Saved data entries:
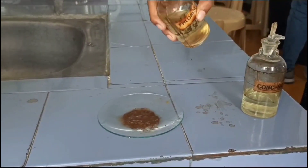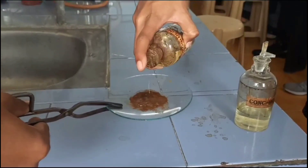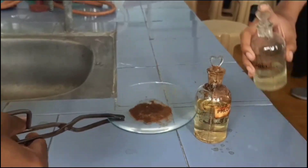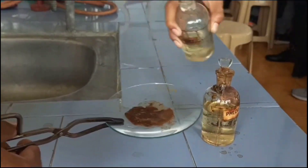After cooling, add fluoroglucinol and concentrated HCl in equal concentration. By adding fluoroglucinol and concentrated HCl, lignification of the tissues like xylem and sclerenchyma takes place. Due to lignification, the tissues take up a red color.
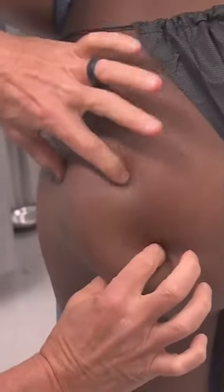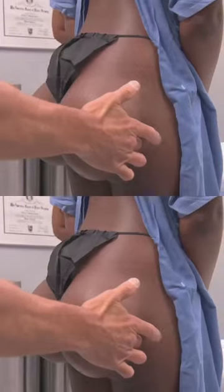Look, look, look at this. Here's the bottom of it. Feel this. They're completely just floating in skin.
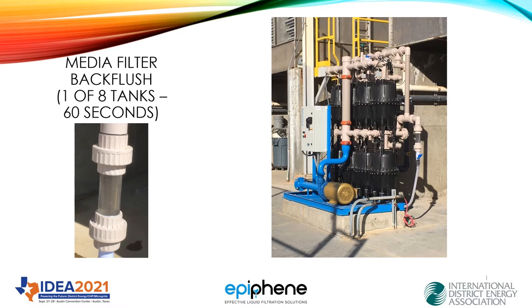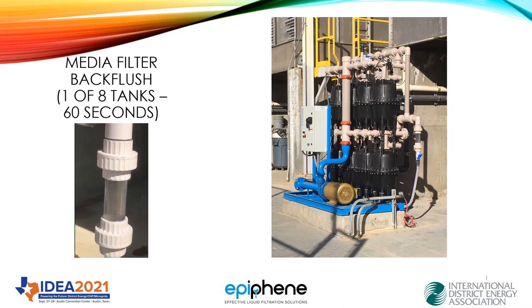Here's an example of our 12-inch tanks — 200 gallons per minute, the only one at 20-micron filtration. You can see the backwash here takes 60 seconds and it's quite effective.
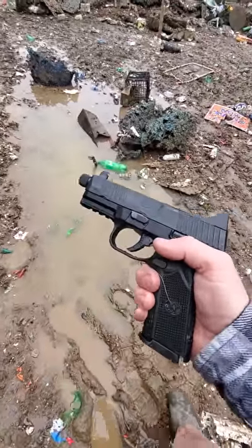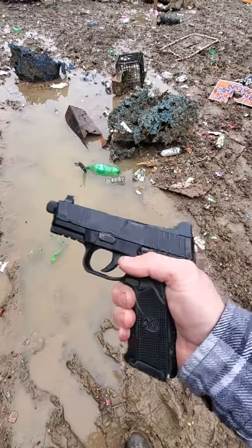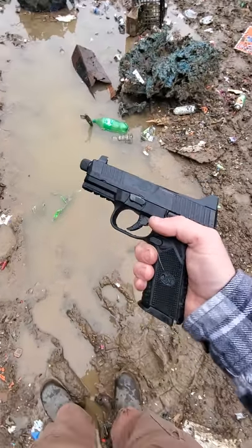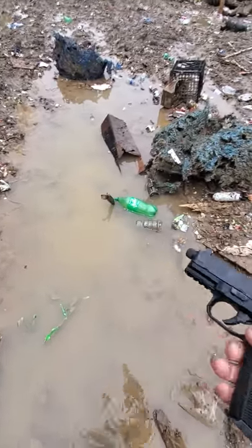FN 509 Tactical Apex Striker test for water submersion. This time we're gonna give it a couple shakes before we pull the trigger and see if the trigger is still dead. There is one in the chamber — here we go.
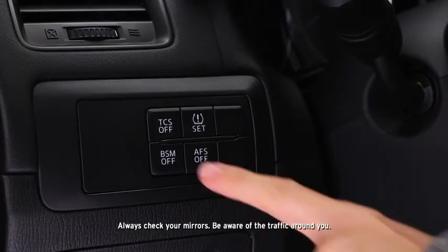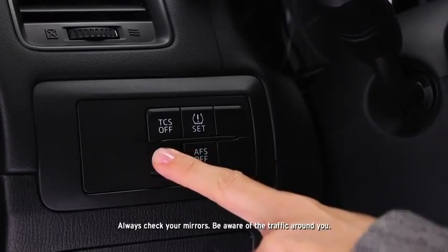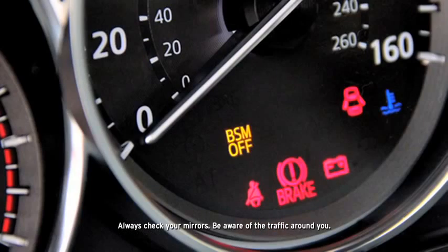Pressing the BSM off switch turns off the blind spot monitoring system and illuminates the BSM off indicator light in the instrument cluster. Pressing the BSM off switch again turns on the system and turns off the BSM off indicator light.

==

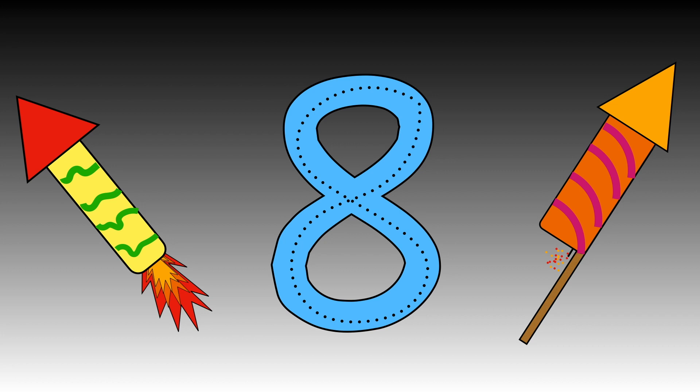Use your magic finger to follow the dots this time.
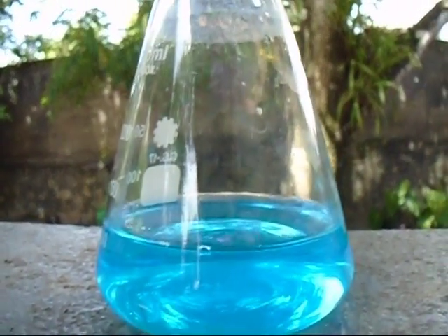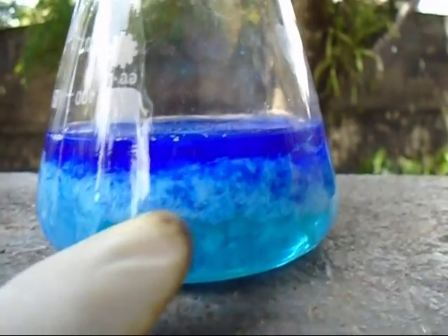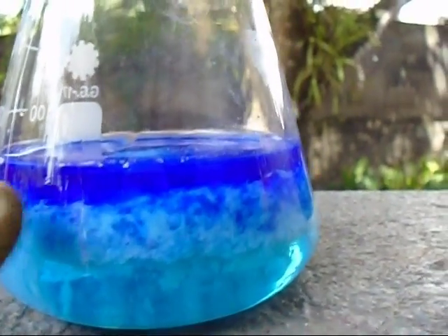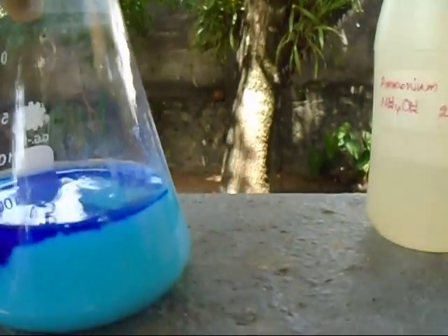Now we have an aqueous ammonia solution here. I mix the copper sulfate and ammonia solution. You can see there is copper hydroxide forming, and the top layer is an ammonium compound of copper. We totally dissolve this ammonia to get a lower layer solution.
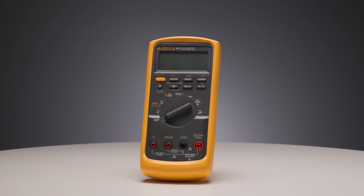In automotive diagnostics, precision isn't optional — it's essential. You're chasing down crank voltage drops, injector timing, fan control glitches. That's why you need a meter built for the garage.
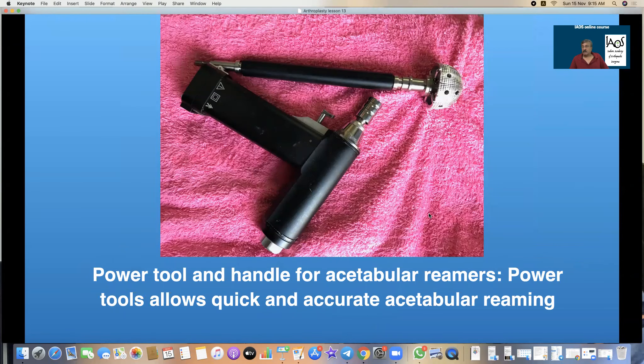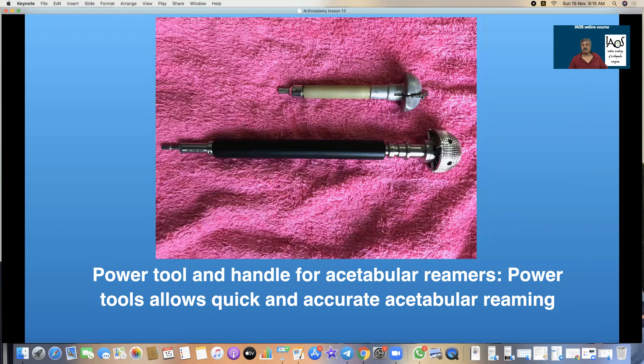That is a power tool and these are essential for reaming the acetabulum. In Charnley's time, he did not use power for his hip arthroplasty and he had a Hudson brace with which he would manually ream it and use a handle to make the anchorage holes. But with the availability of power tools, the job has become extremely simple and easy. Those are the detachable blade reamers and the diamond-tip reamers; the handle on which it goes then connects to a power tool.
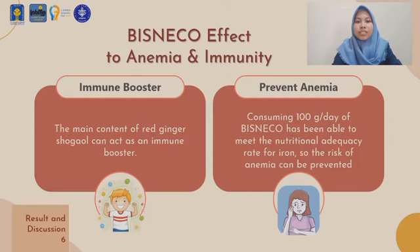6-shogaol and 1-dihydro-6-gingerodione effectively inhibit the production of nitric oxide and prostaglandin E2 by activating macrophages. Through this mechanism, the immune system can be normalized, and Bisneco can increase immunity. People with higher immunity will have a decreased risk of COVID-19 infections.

| Problem statement |
Although the records hold pictures, the copy must not; give again exactly the lines from the one with "After cooling, add" through the one with "FN 509 Tactical".

| Task response |
After cooling, add fluoroglucinol and concentrated HCl in equal concentration. By adding fluoroglucinol and concentrated HCl, lignification of the tissues like xylem and sclerenchyma takes place. Due to lignification, the tissues take up a red color.
Look, look, look at this. Here's the bottom of it. Feel this. They're completely just floating in skin.
Here's an example of our 12-inch tanks — 200 gallons per minute, the only one at 20-micron filtration. You can see the backwash here takes 60 seconds and it's quite effective.
FN 509 Tactical Apex Striker test for water submersion. This time we're gonna give it a couple shakes before we pull the trigger and see if the trigger is still dead. There is one in the chamber — here we go.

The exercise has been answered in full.